WILKINS, Roy (1901-1981) RJB
550
Executive director, National Association for the Advancement of Colored
People (NAACP). Discusses origin and objectives of NAACP. Recalls when
he came to the national office. Remembers outstanding persons with Association
including W. E. B. DuBois, Walter White, Thurgood Marshall. Discusses organization's
role in improving working conditions for Blacks, Montgomery bus boycott,
voter registration, sit-in movement, school desegregation, civil rights
legislation, A. Philip Randolph's planned March on Washington, 1941; challenge
of Mississippi Freedom Democratic Party at the 1964 Democratic National
Convention. Explains why he opposed Black Power slogan. Comments on Adam
Clayton Powell.
Interviewer: Robert Wright
Dates: April 29, 1970 and May 5, 1970
Format: Transcript, 89 pages; tape not available
Restrictions: Standard
WILKS, Gertrude (1927- ) RJB 461
Founding member, Mothers for Equal Education, Palo Alto, California. Discusses
origin and activities of her group, which was formed to secure better education
for Black students. Recalls her "sneak-out program" in which
students from her community lived in other areas and attended schools there
for a period of time. Discusses Nairobi High, a private school she organized
for Blacks, initially with volunteer staff and community funds.

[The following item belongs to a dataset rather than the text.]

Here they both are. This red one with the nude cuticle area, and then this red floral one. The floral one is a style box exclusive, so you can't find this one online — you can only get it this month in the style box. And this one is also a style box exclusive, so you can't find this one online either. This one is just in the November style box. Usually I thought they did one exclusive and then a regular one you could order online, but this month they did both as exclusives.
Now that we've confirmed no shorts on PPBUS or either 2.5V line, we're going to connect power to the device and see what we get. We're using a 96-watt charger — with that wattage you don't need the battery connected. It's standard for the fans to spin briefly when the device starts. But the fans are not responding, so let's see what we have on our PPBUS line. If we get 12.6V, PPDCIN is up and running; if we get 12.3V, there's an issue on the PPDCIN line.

Interviewer: Robert E. Martin
Date: July 28, 1969
Format: Transcript, 95 pages; tape not available
Restrictions: Standard
WILLIAMS, Franklin H. (n.d.) RJB
632
President, Phelps-Stokes Fund. Former U. S. ambassador to Ghana. Former
civil rights attorney, National Association for the Advancement of Colored
People (NAACP). Describes the racial climate and identifies Black issues
on the West Coast during the 1950s. Discusses his terms as San Francisco
NAACP president and as California's assistant attorney general. Recalls
his involvement in Republican Party politics during the Stevenson/Eisenhower
race. Explains how and why he was later lured to Washington to help set
up the Peace Corps, serving as its African regional director; and from
there to serve as member of the U.S. delegation to the United Nations.

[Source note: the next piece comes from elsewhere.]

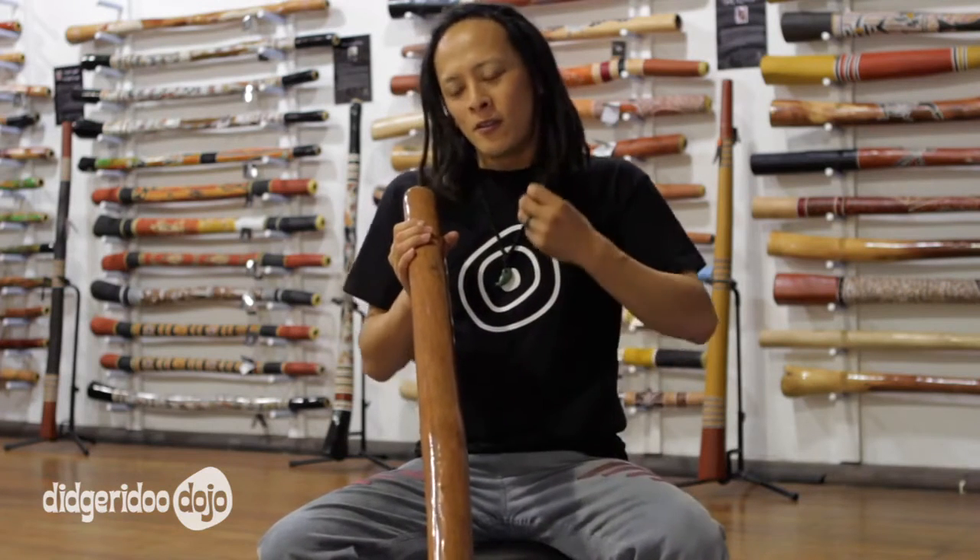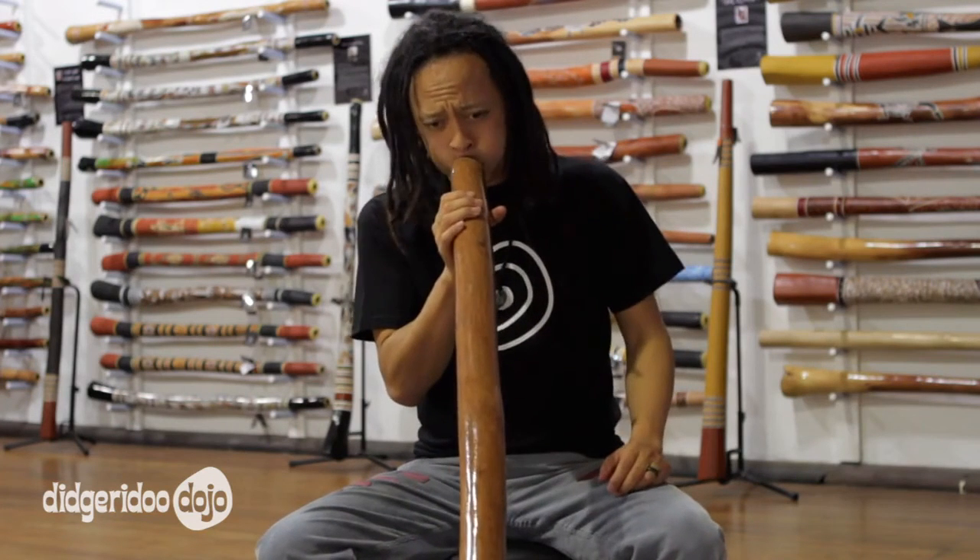Just blowing the Didgeridoo doesn't really work. It's not the flute, it's not the trumpet. It's a Didgeridoo. I will show you how to make cool sound out of it in the next video. See you in the next video.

Describes his duties, challenges, and achievements in both roles. Discusses
his ambassadorship to Ghana: how he lobbied for the job, the Ghanaian economic
and political climate, his impressions of and encounters with president
Kwame Nkrumah, and his observations of the coup that overthrew Nkrumah.
Notes that attempts on Nkrumah's life began soon after Nkrumah announced
plans to visit North Viet Nam to help negotiate resolution of the Viet
Nam War. Appraises Nkrumah's effectiveness and shortcomings. Comments on
the CIA's presence in Ghana and disputes the American media's accounts
of the coup. Explains why he left foreign service to head Columbia University's
Urban Center; notes the Center's purpose and programs. Identifies his pet
projects at Phelps-Stokes and discusses the foundation community's support
for civil rights efforts. Traces the evolution of the Black struggle for
civil rights and equal opportunity. Discusses the conditions in America's
urban ghettos and offers solutions to urban crises. Offers general comments
on the War on Poverty, the War in Viet Nam, New York City Black politics,
and on improving communication and unity among Blacks.

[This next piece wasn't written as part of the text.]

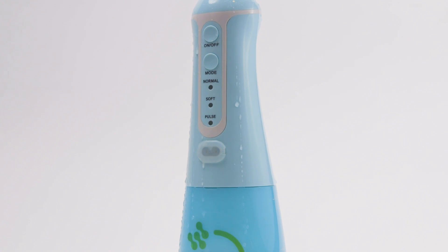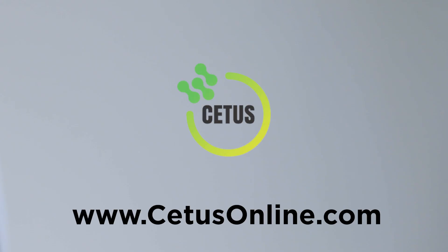Add the Cetus Water Flosser to floss easily and more effectively. Visit www.cetusonline.com, that is C-E-T-U-S online dot com.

Interviewer: Robert Wright
Date: 1970
Format: Transcript, 41 pages; tape not available
Restrictions: Standard
WILLIAMS, James O. (1923- ) RJB
118
Northeast chairman, Congress of Racial Equality (CORE). Discusses activities,
tactics and strategy of Philadelphia CORE including its role in the termination
of the Black face Mummer's Day Parade. Examines the life of a Black man
in Philadelphia. Discusses 1962- 1963 CORE schism.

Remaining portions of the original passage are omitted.